WHAT THIS TASK INVOLVES: Setting pictures aside, output exactly the lines from the start of the records to the line with "Орбитрек,беговые дорожки, велотренажеры", that line included.

SUPPLIED DATA:
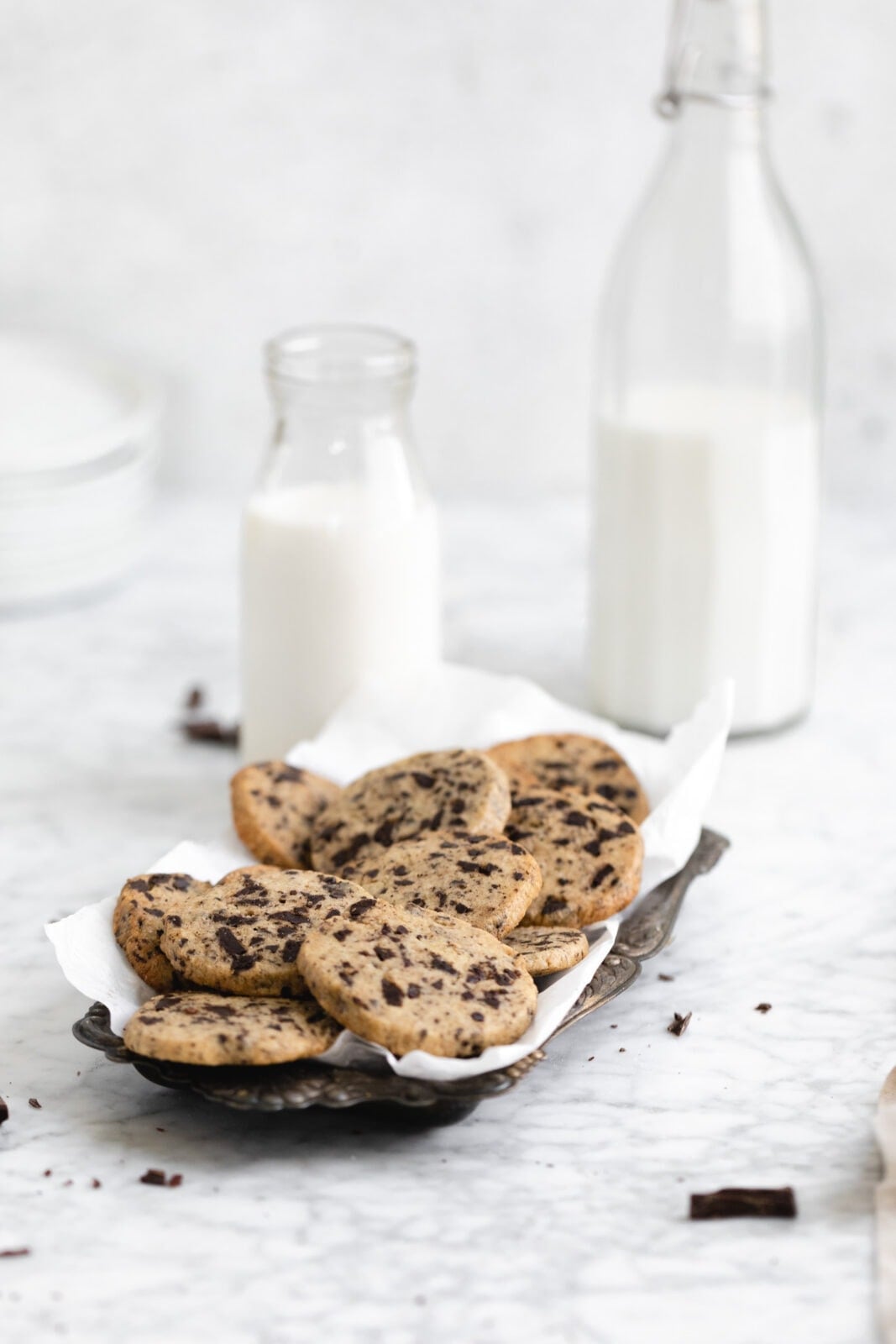 icebox cookies and milk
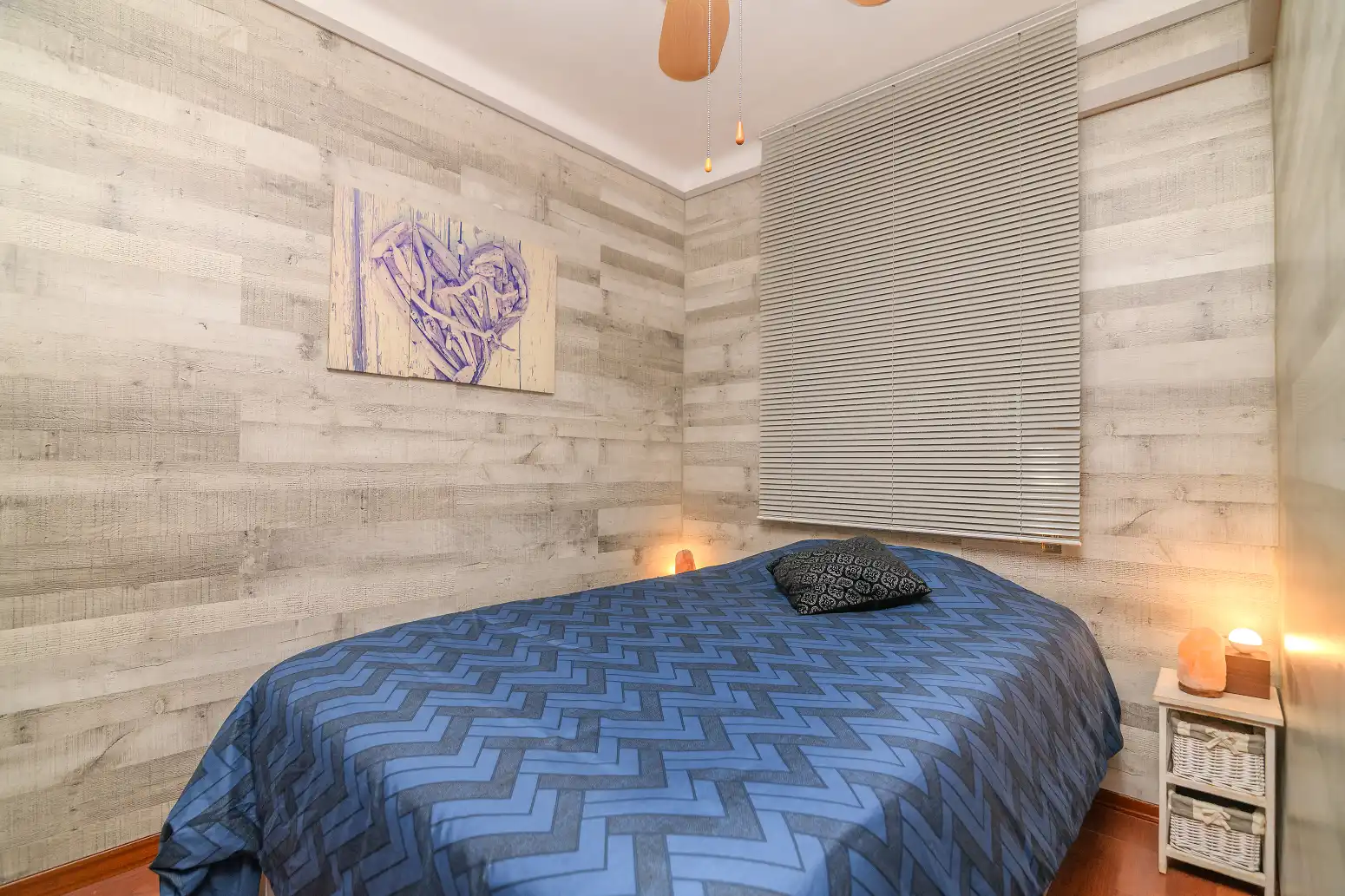 Schlafzimmer von Wohnung zum Verkauf in Barcelona mit Heizung, Parkett und Balkon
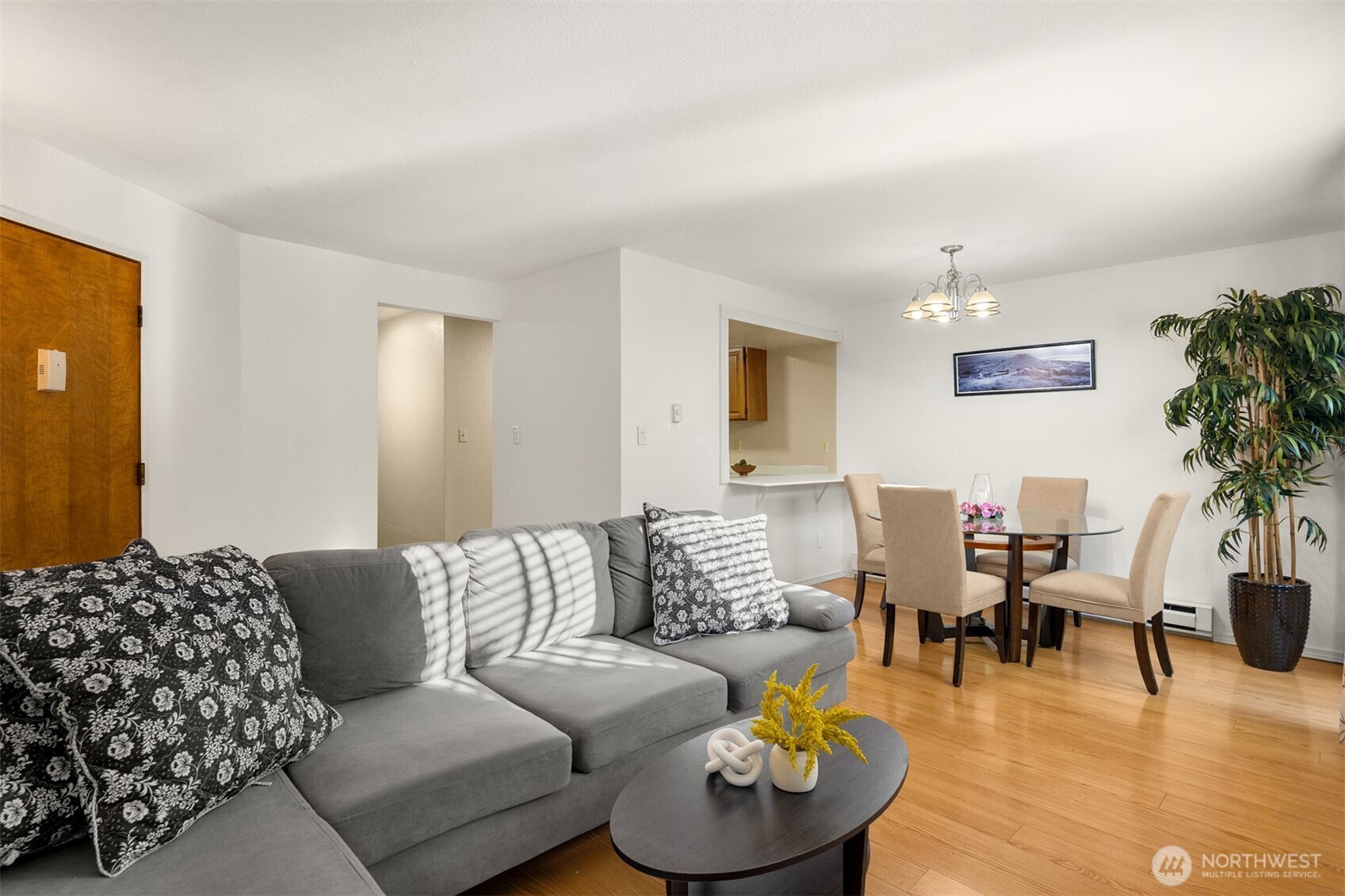 3024 NE 143rd Street #103, Seattle, WA 98125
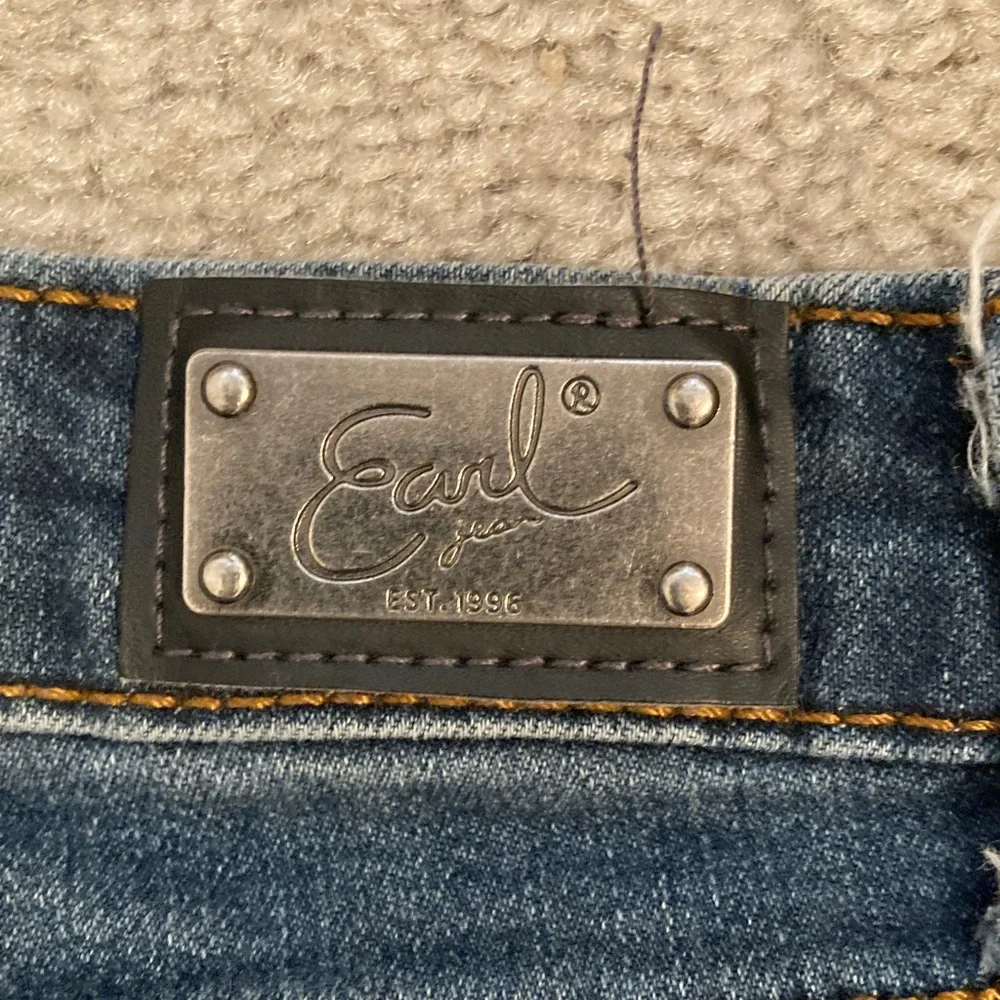 Earl Jean Classic Blue Distressed Women Jeans - Picture 6 of 6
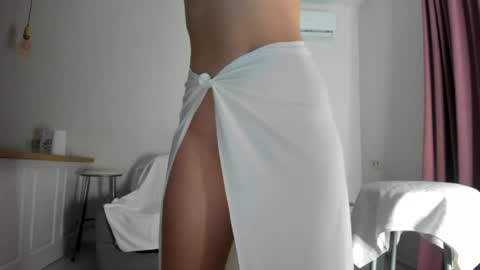 princess_moana online show from April 15, 3:56 pm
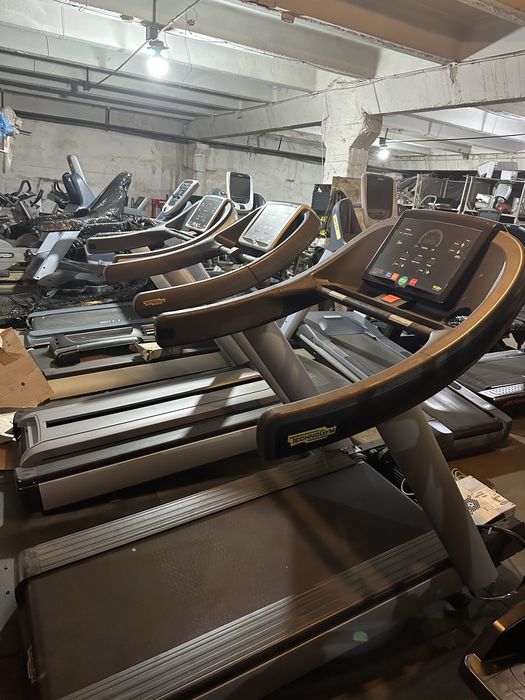 Орбитрек,беговые дорожки, велотренажеры Technogym,life fitness, Precor
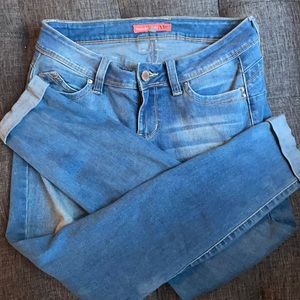 Faded distressed skinny jeans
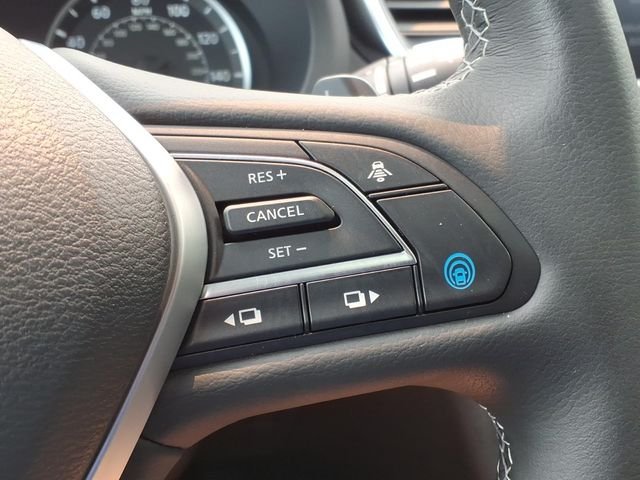 Used 2025 Gray INFINITI LUXE image 15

ANSWER TO THIS EXERCISE:
 icebox cookies and milk
 Schlafzimmer von Wohnung zum Verkauf in Barcelona mit Heizung, Parkett und Balkon
 3024 NE 143rd Street #103, Seattle, WA 98125
 Earl Jean Classic Blue Distressed Women Jeans - Picture 6 of 6
 princess_moana online show from April 15, 3:56 pm
 Орбитрек,беговые дорожки, велотренажеры Technogym,life fitness, Precor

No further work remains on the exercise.